The ultimate goal of the Community Champions Network is to provide thousands of families with increased stability and preserved adoptions as a result of increased access to quality post-adoption services. The project will work toward this goal by empowering leaders to build community coalitions that work to create sustainable post-adoption services through a combination of grassroots organizing, public awareness campaigns, and advocacy efforts.
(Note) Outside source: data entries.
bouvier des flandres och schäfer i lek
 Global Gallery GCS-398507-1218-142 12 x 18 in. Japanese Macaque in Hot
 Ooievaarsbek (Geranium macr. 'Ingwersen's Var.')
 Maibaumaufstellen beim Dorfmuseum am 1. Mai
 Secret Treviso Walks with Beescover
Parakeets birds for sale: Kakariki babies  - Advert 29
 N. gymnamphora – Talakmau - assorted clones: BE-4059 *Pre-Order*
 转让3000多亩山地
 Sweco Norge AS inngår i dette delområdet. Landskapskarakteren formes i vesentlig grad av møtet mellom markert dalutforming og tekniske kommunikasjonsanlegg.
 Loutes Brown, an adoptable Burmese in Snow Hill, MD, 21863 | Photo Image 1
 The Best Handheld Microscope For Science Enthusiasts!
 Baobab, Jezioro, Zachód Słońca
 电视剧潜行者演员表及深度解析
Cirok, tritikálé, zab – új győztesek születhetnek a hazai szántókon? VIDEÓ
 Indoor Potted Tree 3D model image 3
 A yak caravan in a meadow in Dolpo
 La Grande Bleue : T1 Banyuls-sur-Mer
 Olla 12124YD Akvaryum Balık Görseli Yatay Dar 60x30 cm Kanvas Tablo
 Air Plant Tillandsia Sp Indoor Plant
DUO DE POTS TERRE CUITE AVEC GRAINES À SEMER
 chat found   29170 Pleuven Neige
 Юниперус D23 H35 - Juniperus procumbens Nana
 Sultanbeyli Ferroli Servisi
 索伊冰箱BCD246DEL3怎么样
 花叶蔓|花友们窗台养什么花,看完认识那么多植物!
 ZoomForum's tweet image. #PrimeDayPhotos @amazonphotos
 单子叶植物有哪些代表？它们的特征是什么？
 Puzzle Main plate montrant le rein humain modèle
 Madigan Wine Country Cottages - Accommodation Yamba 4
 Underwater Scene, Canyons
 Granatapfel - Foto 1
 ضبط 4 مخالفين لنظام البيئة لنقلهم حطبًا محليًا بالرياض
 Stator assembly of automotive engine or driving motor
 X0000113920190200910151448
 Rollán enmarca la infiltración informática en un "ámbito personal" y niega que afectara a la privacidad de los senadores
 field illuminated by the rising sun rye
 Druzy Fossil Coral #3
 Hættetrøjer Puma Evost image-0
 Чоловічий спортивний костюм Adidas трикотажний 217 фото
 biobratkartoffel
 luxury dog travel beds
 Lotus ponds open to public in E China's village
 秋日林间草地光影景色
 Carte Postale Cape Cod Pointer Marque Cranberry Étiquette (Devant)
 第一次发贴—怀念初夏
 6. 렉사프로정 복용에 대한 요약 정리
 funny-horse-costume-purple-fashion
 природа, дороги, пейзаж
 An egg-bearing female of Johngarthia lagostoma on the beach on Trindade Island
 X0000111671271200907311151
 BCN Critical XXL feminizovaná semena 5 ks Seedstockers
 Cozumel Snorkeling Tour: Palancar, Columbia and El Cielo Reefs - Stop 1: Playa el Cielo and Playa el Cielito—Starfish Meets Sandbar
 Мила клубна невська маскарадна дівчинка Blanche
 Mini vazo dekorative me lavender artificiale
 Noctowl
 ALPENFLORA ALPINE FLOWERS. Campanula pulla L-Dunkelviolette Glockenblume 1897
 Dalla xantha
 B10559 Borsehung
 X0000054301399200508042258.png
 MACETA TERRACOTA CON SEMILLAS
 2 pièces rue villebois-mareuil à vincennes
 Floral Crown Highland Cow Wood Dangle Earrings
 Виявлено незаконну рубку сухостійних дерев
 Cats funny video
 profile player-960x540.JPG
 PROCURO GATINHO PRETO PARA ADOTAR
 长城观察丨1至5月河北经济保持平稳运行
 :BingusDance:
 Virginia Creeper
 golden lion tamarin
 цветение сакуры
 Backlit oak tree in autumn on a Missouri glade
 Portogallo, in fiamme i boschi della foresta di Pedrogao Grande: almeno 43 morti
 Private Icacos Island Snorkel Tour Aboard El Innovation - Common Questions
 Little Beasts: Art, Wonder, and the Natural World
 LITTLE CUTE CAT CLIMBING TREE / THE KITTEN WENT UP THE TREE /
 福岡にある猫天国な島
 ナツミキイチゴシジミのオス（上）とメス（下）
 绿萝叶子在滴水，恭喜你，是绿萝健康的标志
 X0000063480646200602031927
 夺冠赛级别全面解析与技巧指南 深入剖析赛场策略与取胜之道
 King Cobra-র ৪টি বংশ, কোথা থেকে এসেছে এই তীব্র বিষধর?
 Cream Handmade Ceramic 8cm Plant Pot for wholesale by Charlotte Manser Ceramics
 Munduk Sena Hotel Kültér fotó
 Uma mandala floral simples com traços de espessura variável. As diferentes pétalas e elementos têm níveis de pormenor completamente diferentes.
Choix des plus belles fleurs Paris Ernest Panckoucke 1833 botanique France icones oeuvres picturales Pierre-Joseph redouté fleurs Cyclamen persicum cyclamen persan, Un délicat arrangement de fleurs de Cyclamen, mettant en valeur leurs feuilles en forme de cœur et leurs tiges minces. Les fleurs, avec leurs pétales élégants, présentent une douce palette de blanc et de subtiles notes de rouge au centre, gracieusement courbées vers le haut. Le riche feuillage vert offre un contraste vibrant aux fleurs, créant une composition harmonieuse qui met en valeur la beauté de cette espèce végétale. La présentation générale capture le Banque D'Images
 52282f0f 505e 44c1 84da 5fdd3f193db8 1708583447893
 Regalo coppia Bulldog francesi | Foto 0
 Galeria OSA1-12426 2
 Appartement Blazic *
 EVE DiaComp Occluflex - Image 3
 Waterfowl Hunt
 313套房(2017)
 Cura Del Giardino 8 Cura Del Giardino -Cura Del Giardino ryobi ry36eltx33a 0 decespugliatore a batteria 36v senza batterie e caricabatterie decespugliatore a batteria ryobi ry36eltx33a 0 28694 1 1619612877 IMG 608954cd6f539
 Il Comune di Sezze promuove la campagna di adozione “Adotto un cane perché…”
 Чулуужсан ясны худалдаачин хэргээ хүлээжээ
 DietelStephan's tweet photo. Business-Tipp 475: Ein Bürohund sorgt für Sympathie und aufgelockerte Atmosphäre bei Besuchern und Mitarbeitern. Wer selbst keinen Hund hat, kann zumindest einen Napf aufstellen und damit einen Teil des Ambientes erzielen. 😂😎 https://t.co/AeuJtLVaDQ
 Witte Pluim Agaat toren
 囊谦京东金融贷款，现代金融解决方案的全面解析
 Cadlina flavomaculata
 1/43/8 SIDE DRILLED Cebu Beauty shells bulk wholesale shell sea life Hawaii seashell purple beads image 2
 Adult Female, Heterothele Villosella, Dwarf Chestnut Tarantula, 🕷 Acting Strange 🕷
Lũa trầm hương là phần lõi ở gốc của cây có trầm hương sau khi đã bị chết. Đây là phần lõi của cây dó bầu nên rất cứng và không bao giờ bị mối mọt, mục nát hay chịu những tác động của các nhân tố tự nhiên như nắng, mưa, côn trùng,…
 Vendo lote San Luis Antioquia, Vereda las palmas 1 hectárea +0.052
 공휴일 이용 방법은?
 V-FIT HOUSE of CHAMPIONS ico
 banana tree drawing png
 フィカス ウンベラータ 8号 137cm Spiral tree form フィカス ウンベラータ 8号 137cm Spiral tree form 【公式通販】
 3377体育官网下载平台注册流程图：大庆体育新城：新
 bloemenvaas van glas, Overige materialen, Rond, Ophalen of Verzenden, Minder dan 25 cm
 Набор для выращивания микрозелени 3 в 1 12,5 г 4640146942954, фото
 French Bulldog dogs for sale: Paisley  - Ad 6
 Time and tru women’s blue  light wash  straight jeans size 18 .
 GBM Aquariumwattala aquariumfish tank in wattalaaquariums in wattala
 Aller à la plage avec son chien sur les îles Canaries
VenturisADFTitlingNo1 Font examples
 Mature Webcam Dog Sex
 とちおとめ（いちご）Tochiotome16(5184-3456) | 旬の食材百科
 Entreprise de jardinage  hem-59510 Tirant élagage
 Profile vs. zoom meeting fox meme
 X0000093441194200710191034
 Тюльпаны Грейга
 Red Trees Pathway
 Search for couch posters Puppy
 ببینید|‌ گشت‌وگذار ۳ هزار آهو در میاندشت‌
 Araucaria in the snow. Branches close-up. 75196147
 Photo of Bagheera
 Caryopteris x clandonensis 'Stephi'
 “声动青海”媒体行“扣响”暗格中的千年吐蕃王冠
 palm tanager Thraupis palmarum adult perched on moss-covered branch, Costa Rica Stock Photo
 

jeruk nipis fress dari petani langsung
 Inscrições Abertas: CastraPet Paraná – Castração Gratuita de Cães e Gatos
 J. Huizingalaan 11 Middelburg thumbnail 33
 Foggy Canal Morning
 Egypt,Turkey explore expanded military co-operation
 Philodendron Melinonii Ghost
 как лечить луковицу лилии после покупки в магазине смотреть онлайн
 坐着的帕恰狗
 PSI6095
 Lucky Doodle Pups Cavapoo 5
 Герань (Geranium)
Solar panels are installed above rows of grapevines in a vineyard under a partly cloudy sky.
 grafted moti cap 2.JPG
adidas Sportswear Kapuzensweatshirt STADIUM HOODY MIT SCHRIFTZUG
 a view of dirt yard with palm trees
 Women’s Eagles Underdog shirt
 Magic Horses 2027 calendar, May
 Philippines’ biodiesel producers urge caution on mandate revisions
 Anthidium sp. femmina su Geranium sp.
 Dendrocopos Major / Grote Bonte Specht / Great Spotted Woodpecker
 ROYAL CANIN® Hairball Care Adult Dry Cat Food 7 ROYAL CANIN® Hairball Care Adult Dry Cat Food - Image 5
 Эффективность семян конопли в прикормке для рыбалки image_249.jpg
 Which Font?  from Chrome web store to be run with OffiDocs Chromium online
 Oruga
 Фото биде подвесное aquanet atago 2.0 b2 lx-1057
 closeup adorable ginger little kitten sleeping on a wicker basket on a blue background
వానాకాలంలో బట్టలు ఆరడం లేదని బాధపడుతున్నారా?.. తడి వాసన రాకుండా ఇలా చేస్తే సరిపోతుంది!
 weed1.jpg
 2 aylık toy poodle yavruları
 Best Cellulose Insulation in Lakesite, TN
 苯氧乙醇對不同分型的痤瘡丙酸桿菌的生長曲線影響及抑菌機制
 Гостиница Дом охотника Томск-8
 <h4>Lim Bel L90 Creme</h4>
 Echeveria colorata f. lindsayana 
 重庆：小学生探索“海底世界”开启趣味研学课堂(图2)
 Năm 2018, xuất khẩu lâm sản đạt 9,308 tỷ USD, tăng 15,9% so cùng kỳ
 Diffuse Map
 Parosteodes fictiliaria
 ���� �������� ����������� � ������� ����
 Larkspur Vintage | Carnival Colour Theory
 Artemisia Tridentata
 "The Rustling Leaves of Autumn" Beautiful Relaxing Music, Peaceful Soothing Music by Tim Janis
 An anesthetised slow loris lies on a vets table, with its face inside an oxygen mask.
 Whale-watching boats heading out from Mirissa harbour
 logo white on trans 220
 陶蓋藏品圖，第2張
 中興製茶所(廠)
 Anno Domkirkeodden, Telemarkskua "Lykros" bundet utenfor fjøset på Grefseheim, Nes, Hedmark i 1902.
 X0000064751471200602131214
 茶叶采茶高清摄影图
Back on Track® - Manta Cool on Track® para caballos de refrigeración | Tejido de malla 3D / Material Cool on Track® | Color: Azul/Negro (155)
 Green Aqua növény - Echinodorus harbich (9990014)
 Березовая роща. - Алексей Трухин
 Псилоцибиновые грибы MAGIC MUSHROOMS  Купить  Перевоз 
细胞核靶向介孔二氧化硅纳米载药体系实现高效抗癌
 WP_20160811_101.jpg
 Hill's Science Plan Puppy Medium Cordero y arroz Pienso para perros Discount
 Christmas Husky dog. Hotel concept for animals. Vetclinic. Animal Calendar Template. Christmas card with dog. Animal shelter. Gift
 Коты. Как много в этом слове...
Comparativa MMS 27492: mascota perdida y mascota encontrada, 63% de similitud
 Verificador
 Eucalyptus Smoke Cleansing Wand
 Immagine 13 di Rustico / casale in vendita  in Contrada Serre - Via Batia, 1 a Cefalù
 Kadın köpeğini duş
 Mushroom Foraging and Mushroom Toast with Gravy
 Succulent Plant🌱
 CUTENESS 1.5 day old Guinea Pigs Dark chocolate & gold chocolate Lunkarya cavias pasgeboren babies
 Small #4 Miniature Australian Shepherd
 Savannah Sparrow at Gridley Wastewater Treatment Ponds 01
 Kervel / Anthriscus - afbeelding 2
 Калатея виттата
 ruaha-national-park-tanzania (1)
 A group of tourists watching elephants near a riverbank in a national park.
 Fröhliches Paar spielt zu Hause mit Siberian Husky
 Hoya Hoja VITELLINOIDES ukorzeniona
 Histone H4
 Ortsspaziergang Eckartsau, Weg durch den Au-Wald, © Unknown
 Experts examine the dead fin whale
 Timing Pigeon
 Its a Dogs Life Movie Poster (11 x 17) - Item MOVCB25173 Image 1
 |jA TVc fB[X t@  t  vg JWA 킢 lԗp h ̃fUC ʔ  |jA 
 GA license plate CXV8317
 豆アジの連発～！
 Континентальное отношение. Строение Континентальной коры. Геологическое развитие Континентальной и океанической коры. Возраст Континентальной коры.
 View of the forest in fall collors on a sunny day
Jockey Being Family receives Adoption Excellence Award from Administration for Children and Families

Jockey International, a privately held, family-owned Midwest apparel company, created its first signature citizenship initiative, Jockey Being Family, in October 2004. The initiative, which started in Wisconsin as a way of engaging Jockey employees in service and volunteer activities, is focused on supporting families after they have adopted a child from the U.S. foster care system. Through research, Jockey learned that many companies focus philanthropic efforts on recruiting adoptive parents but few, if any, were supporting families post-adoption. Drawing on the apparent need for more post-adoption resources, Jockey focused its funding on organizations that provide such services to families.

Jockey now supports leading national and local nonprofit organizations that deliver post-adoption services to families in Wisconsin and nationwide through fiscal and in-kind donations. Among others, Jockey supports Adoption Resources of Wisconsin, North American Council on Adoptable Children, and Dave Thomas Foundation for Adoption.

Employee engagement is an important part of Jockey Being Family and more than one-third of employees in Jockey's headquarters volunteer their time and talents to support local adoptive families with a number of activities, including the "Home to Stay" backpack program and "Home Adaptation Project". Volunteers of the "Home to Stay" program create personalized backpacks filled with books, music, and toys for newly adopted children in Wisconsin. Jockey volunteers also make hand-made blankets to place in the backpacks. Volunteers of the "Home Adaptation Project" assist with remodeling the homes of local adoptive families with children with severe disabilities.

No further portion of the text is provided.